• PROBLEM REQUIREMENTS: Find the line containing "10m Peel and" in the data below and repeat it, along with all later lines, exactly through the last one.

• DATASET ENTRIES:
<<<<

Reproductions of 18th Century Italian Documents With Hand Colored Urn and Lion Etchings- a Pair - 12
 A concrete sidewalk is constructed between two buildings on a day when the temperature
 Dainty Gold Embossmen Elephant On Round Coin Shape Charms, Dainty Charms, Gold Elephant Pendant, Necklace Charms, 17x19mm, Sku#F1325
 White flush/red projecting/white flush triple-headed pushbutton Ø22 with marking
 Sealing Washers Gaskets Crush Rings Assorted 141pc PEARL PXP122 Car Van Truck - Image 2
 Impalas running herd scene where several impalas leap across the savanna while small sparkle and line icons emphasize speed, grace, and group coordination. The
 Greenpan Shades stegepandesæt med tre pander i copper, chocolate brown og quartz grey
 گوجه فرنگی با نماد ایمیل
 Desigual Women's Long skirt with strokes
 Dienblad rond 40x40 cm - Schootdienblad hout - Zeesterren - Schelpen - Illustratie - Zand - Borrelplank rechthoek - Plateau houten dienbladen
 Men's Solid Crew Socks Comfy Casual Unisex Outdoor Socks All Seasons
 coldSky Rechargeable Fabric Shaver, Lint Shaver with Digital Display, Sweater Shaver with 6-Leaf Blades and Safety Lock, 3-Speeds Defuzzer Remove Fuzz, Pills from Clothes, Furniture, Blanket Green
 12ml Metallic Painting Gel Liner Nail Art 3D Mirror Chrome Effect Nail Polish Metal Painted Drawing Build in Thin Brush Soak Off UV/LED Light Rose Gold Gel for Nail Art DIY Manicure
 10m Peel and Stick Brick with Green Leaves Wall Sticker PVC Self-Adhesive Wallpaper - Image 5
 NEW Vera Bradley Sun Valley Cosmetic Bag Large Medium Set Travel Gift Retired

>>>>

• ANSWER TO THIS TASK:
 10m Peel and Stick Brick with Green Leaves Wall Sticker PVC Self-Adhesive Wallpaper - Image 5
 NEW Vera Bradley Sun Valley Cosmetic Bag Large Medium Set Travel Gift Retired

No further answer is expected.